BIOLOGICAL EFFECTS OF VEGF
VEGF is a mitogen for vascular endothelial cells derived from arteries, veins, and lymphatics (17, 33, 34, 87). VEGF also elicits a pronounced angiogenic response in a wide variety of in vivo models (68, 87). There is also strong evidence that VEGF is a survival factor for endothelial cells, both in vitro and in vivo (4, 11, 42, 44, 115). VEGF withdrawal has been shown to result in regression of vasculature in several physiological and pathological circumstances. It has been proposed that pericyte coverage is the critical event that determines whether endothelial cells require VEGF for survival in vivo (10). Consistent with a prosurvival activity, VEGF induces expression of the antiapoptotic proteins Bcl-2 and A1 in human endothelial cells (42). Also, the prosurvival activity of VEGF requires the phosphatidylinositol 3-kinase (PI 3-kinase)/Akt signal transduction pathway (44).

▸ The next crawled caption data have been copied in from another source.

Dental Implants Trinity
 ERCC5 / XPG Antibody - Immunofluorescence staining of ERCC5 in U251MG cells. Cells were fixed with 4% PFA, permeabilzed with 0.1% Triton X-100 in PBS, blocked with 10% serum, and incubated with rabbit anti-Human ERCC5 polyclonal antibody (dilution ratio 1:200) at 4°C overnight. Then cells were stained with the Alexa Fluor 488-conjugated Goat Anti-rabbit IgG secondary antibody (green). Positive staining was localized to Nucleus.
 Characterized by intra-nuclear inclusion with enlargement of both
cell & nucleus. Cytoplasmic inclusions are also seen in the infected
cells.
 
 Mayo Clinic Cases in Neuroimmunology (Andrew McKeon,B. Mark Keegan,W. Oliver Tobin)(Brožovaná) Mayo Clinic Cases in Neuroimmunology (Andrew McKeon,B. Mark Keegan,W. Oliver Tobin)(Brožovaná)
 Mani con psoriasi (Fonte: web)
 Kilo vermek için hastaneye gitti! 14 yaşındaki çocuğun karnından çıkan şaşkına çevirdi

Recent studies have reported mitogenic effects of VEGF also on a few non-endothelial cell types in culture, such as retinal pigment epithelial cells (52), pancreatic duct cells (79), and Schwann cells (104). It remains to be established whether this is also true in vivo.
VEGF is known also as vascular permeability factor (VPF) on the basis of its ability to induce vascular leakage in the guinea pig skin (25, 96). These early studies focused on protein extravasation. More recently, Bates and Curry (7) showed that VEGF also induces an increase in hydraulic conductivity of isolated microvessels and that such an effect is mediated by increased calcium influx (8). Other studies have suggested that another important role of VEGF in the regulation of microvascular permeability is the induction of a fenestrated phenotype in at least certain endothelial cells (28, 92, 93).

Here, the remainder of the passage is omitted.